Just to belabor this, it is perfectly reasonable to add a set of types and
functions that have no 'C' implementation. The 'loadable module' analogy
misses a lot of the real requirements.

> There, my spleen feels _much_ better now. :)

It looks better too... ;-)

> darrenk

-dg

David Gould            dg@illustra.com           510.628.3783 or 510.305.9468
Informix Software  (No, really)         300 Lakeside Drive  Oakland, CA 94612
 - Linux. Not because it is free. Because it is better.


Modules

From
Mattias Kregert
Date:
David Gould wrote:
>
> To load a module into a kernel all you need to do is read the code in,
> resolve the symbols, and maybe call an intialization routine. This is
> merely a variation on loading a shared object (.so) file into a program.
>
> To add a type and related stuff to a database is really a much harder problem.

I don't agree.

> You need to be able to
>   - add one or more type descriptions                   types table
>   - add input and output functions                      types, functions tables
>   - add cast functions                                  casts, functions tables
>   - add any datatype specific behavior functions        functions table
>   - add access method operators (maybe)                 amops, functions tables
>   - add aggregate operators                             aggregates, functions
>   - add operators                                       operators, functions
>   - provide statistics functions
>   - provide destroy operators
>   - provide .so files for C functions, SQL for sql functions
>     (note this is the part needed for a unix kernel module)
>   - do all the above within a particular schema
>
> You may also need to create and populate data tables, rules, defaults, etc
> required by the implementation of the new type.

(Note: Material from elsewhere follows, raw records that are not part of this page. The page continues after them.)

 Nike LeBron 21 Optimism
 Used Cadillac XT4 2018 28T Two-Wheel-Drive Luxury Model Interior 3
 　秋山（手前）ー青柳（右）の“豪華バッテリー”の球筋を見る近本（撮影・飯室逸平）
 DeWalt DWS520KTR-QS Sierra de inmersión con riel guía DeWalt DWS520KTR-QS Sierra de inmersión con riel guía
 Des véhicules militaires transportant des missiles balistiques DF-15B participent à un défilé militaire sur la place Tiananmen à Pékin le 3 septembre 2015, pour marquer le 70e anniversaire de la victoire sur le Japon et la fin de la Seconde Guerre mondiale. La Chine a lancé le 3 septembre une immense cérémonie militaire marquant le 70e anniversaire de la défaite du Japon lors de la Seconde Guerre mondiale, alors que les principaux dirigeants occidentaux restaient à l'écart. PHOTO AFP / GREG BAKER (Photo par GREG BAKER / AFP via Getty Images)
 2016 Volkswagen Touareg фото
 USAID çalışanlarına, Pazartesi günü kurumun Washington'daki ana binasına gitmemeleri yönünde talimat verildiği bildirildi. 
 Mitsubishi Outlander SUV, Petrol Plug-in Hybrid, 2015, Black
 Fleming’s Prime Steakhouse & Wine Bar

All this would be done by the init function in the module you load.
What we need is a set of functions callable by modules, like
module_register_type(name, descr, func*, textin*, textout*, whatever
...)
module_register_smgr(name, descr, .....)
module_register_command(....
Casts would be done by converting to a common format (text) and then to
the desired type. Use textin/textout. No special cast functions would
have to exist. Why doesn't it work this way already??? Would not that
solve all casting problems?


> To unload a type requires undoing all the above. But there is a wrinkle: first
> you have to check if there are any dependancies. That is, if the user has
> created a table with one of the new types, you have to drop that table
> (including column defs, indexes, rules, triggers, defaults etc) before
> you can drop the type. Of course the user may not want to drop their tables
> which brings us to the the next problem.

Dependencies are checked by the OS kernel when you try to unload
modules.
You cannot unload slhc without first unloading ppp, for example. What's
the
difference?
If you have Mod4X running with /dev/dsp opened, then you can't unload
the sound driver, because it is in use, and you cannot unload a.out
module
if you have a non-ELF program running, and you can see the refcount on
all
modules and so on... This would not be different in a SQL server.
If you have a cursor open, accessing IP types, then you cannot unload
the IP-types module. Close the cursor, and you can unload the module if
you want to.
You don't have to drop tables containing new types just because you
unload
the module. If you want to SELECT from it, then that module would be
loaded
automagically when it is needed.


> When this gets really hard is when it is time to upgrade an existing database
> to a new version. Suppose you add a new column to a type in the new version.
> How does a user with lots of data in dozens of tables using the old type
> install the new module?
>
> What about restoring a dump from an old version into a system with the new
> version installed?

Suppose you change TIMESTAMP to 64 bits time and 16 bits userid... how
do you
solve that problem? You would probably have to make the textin/textout
functions
for the type recognize the old format and make the appropriate
conversions.
Perhaps add zero userid, or default to postmaster userid?
This would not be any different if TIMESTAMP was in a separate module.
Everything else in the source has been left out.